Flynn est un programmeur. Il a développé plusieurs jeux vidéos qui connaissent énormément de succès, mais qui lui ont aussi été volés par Dillinger, son ancien employeur qui est devenu depuis un homme riche et puissant à la tête de la plus grosse entreprise de jeux vidéos. Flynn veut récupérer ses droits sur ses jeux et doit pour cela récupérer des documents prouvant sa paternité. Ces documents sont stockés dans l’ordinateur de l’entreprise en question et Flynn tente, en vain, d’infiltrer cet ordinateur avec un programme qu’il a conçu, CLU. Mais ce programme est constamment bloqué par le MCP (Master Control Program), une sorte de pare-feu qui est un ancien jeu d’échec qui a évolué en programme extrêmement puissant et qui contrôle tout le système. Car, dans Tron, les programmes sont représentés comme des êtres vivants, avec d’ailleurs le visage de leur concepteur. L’ordinateur prend, quant à lui, la forme d’un monde virtuel composé de formes géométriques, un monde dans lequel les programmes évoluent et éventuellement s’affrontent. Le MCP veut prendre le contrôle et oublier les humains, leurs créateurs qu’ils appellent utilisateurs. MCP a donc pris le pouvoir et détruit systématiquement tous les programmes qui refusent d’adhérer à son dogme disant qu’il n’existe pas d’utilisateurs et que ce n’est qu’une histoire inventée. Ces programmes sont détruits dans des jeux, parmi lesquels la course de Light Cycle, la séquence qui a rendu célèbre le film. Flyyn veut détruire le MCP et alors qu’il s’apprête à le faire à partir des ordinateurs de l’entreprise de Dillinger, le MCP utilise un laser spécial pour le transformer en programme. Flynn est devenu un programme en apparence, mais doté de pouvoirs extraordinaires du fait de son statut d’utilisateur et surtout de concepteur originel de l’univers dans lequel il évolue. Mais comme on pouvait s’en douter, sa quête pour détruire le MCP ne sera pas de tout repos et il aura notamment besoin de Tron, un autre programme qui donne son nom au film et dont l’objectif même est de détruire le MCP.

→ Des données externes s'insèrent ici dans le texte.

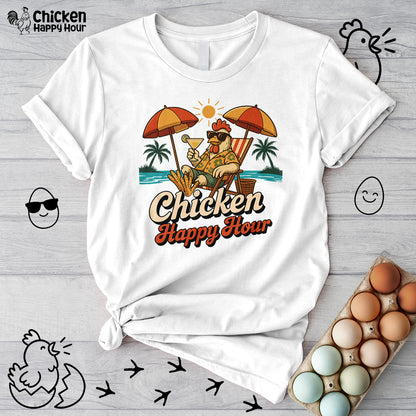Chicken Happy Hour Beachy Chicken Unisex Tee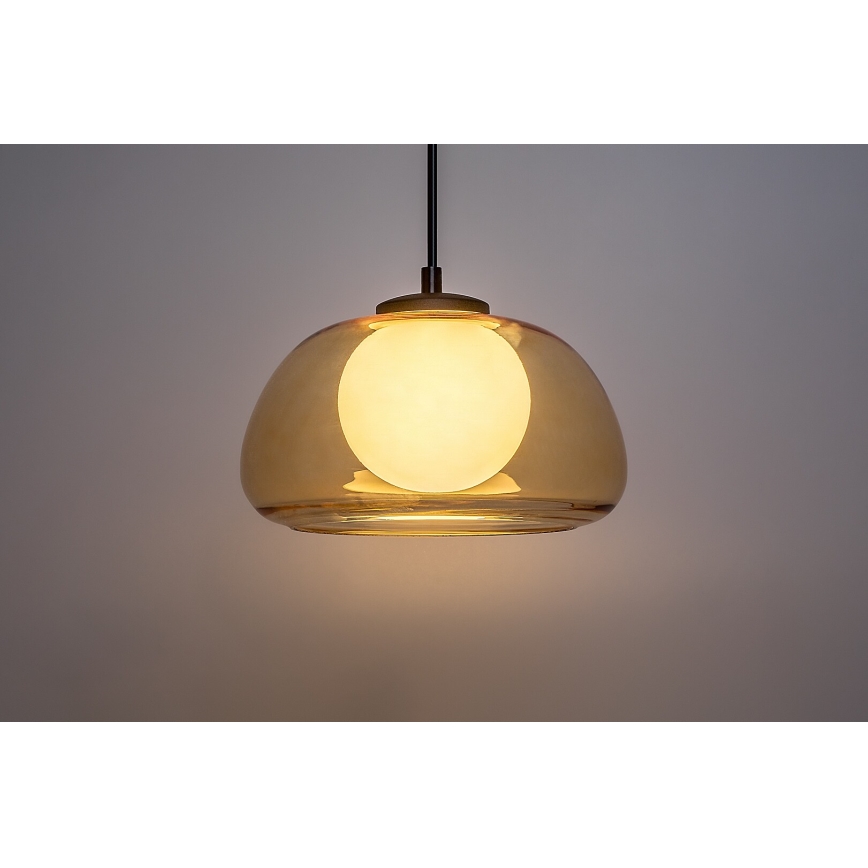Rabalux - Lampadario a sospensione con filo 1xG9/5W/230V marrone/fumé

Au cœur des enjeux de Tron, un thème extrêmement classique en science-fiction, sans doute même le thème le plus important avec la vie extra-terrestre : l’intelligence artificielle. La fin des années 1970 correspond à l’émergence de l’informatique grand public. Les ordinateurs commencent doucement à quitter les universités, instituts d’États ou grosses entreprises et ils commencent à se démocratiser alors que leur puissance explose. L’idée même d’une intelligence artificielle se diffuse en parallèle auprès du grand public : même si les ordinateurs sont encore en général assez limités, ils sont par exemple capables de calculer beaucoup plus vite et avec beaucoup moins d’erreurs qu’un homme. La loi de Moore énoncée au milieu des années 1960 se concrétise dans le matériel disponible et on imagine alors que bientôt, les ordinateurs seront bien plus puissants que les hommes et prendront le contrôle sur eux. Cette idée est ancienne : Asimov est sans doute parmi les premiers à l’exploiter dans la littérature, tandis que 2001, l’Odyssée de l’espace la popularise au cinéma à la fin des années 1960. Ainsi, quand Tron sort au début des années 1980, l’idée est loin d’être nouvelle, mais c’est peut-être le premier film à la rendre accessible au très grand public. Le film de Kubrick, par exemple, est beaucoup plus complexe, à la fois parce qu’il était visuellement réaliste, mais aussi parce qu’il prenait une voie que l’on pourrait qualifier de métaphysique. Rien de cela dans ce film produit par les studios Walt Disney. L’univers mis en place par Tron est au contraire très simple, voire simpliste. L’idée de personnifier des programmes informatiques, concept qui est aujourd’hui encore souvent mal compris et qui devait l’être d’autant plus en 1982, est une idée de génie pour permettre l’identification immédiate des spectateurs. En outre, les enjeux dans Tron sont quand même globalement insignifiants. Rappelons que Flynn lutte pour récupérer des droits sur des jeux qu’il a programmés. Le film est ainsi dans l’ensemble très accessible, même pour un jeune public.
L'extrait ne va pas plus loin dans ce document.